The first step when importing data from a spreadsheet is to locate the file containing the data. Although we do not recommend it, you can use an approach similar to what you do to open files in Microsoft Excel by clicking on the RStudio “File” menu, clicking “Import Dataset”, then clicking through folders until you find the file. We want to be able to write code rather than use the point-and-click approach. The keys and concepts we need to learn to do this are described in detail in the Productivity Tools part of this book. Here we provide an overview of the very basics.
The main challenge in this first step is that we need to let the R functions doing the importing know where to look for the file containing the data. The simplest way to do this is to have a copy of the file in the working directory, in which the importing functions look by default. Once we do this, all we have to supply to the importing function is the filename.
You can think of your computer’s filesystem as a series of nested folders, each containing other folders and files. Data scientists refer to folders as directories. We refer to the folder that contains all other folders as the root directory. We refer to the directory in which we are currently located as the working directory. The working directory therefore changes as you move through folders: think of it as your current location.
The working directory is just a file path on your computer that sets the default location of any files you read into R, or save out of R. In other words, a working directory is like a little flag somewhere on a folder in your filesystem.
You can get the full path of your working directory by using the getwd
function.
wd <- getwd()
If you need to change your working directory, you can use the function
setwd
or you can change it through RStudio by clicking on “Session”.
setwd("path/to/a/folder")
Once the file is copied into the working directory, we can import the data with a simple line of code. Here we use the read_csv
function from the readr package, which is part of the tidyverse.
library(tidyverse)
dat <- read_csv("filename.csv")
The data is imported and stored in dat
.
We could now copy all of our files to the working directory, but sometimes this is just not what we want. Therefor it is possible to import a file by its path rather than only its filename.
The path of a file is a list of directory names that can be thought of as instructions for the computer on what folders to click on, and in what order, to find the file.

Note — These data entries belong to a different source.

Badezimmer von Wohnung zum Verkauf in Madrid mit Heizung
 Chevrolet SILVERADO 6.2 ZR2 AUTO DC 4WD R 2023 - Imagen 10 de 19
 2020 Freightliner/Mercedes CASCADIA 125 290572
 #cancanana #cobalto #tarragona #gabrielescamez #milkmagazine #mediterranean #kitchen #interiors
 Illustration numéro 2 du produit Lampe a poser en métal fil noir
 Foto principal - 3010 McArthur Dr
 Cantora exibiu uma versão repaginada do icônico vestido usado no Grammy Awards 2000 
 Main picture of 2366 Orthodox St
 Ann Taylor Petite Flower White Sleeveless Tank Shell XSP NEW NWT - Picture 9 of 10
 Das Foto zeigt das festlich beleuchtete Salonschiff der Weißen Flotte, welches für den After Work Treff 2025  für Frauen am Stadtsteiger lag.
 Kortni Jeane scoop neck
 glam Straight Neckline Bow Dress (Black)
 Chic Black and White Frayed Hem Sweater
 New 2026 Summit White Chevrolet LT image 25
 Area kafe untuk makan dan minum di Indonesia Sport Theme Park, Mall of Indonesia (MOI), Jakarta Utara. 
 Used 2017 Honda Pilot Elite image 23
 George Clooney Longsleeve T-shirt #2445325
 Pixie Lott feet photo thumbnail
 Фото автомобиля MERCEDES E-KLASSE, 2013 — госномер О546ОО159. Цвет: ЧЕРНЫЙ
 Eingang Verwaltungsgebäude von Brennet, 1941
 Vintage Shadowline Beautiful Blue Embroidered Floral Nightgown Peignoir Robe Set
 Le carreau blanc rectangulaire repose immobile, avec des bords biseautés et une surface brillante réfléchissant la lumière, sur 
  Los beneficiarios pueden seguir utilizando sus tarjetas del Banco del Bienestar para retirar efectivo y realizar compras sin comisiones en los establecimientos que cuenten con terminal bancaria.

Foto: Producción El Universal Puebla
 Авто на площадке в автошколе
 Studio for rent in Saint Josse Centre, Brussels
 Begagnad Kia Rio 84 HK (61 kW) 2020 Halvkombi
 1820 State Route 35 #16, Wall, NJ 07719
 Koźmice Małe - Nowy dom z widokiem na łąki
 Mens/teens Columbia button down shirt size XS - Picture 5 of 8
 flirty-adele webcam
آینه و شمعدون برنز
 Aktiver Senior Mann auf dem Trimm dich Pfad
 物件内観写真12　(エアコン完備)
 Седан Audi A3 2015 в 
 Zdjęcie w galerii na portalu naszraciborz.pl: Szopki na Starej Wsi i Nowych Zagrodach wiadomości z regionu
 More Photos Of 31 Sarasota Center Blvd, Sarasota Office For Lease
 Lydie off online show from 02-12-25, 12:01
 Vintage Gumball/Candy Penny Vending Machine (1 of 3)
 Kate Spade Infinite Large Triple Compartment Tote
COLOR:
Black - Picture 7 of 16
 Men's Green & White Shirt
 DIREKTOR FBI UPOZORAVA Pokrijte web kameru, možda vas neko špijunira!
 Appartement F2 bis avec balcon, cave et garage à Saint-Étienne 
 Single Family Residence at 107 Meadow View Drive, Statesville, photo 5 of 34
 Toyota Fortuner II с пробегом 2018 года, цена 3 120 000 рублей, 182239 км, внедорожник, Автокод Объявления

If these instructions are for finding the file starting from the root directory we refer to it as the full path. If the instructions are for finding the file starting in the working directory we refer to it as a relative path.
In the illustration above represents a file structure where every folder and file is labeled with it’s absolute path.
The strings separated by slashes are the directory names. The first slash represents the root directory and we know this is a full path because it starts with a slash.
In the illustration above represents a file structure where every folder and file is labeled with it’s relative path.
If the first directory name appears without a slash in front, then the path is assumed to be relative.
These relative paths give us the location of the files or directories if we start in the working directory.
Because every path starts from the working directory you might think that you can only reference folders and files located inside this folder. This is not true, a relative path can acces all folders and files an absolute path can acces. this is possible because of the double dot ..
that references the parent directory. For example: if your working directory is empty_folder (from the illustration above) and you want to acces data1 you will need to go up three parent directories and then specify data1: ../../../data1
.
Use Relative Paths!!!
We highly recommend only writing relative paths in your code. The reason is that full paths are unique to your computer and you want your code to be portable to any computer system.
In the following example the full path to the murders dataset (from the dslabs
package) is constructed by code:
filename <- "murders.csv"
dir <- system.file("extdata", package = "dslabs")
fullpath <- file.path(dir, filename)
The function system.file
provides the full path of the folder containing all the files and directories relevant to the package
specified by the package
argument. By exploring the directories in
dir
we find that the extdata
contains the file we want:
dir <- system.file(package = "dslabs")
filename %in% list.files(file.path(dir, "extdata"))
#> [1] TRUE
The system.file
function permits us to provide a subdirectory as a
first argument, so we can obtain the fullpath of the extdata
directory
like this:
dir <- system.file("extdata", package = "dslabs")
The function file.path
is used to combine directory names to produce
the full path of the file we want to import.
fullpath <- file.path(dir, filename)
The final line of code we used to copy the file into our home directory
used
the function file.copy
. This function takes two arguments: the file to
copy and the name to give it in the new directory.
file.copy(fullpath, "murders.csv")
#> [1] TRUE
If a file is copied successfully, the file.copy
function returns
TRUE
. Note that we are giving the file the same name, murders.csv
,
but we could have named it anything. Also note that by not starting the
string with a slash, R assumes this is a relative path and copies the
file to the working directory.
You should be able to see the file in your working directory and can check by using:
list.files()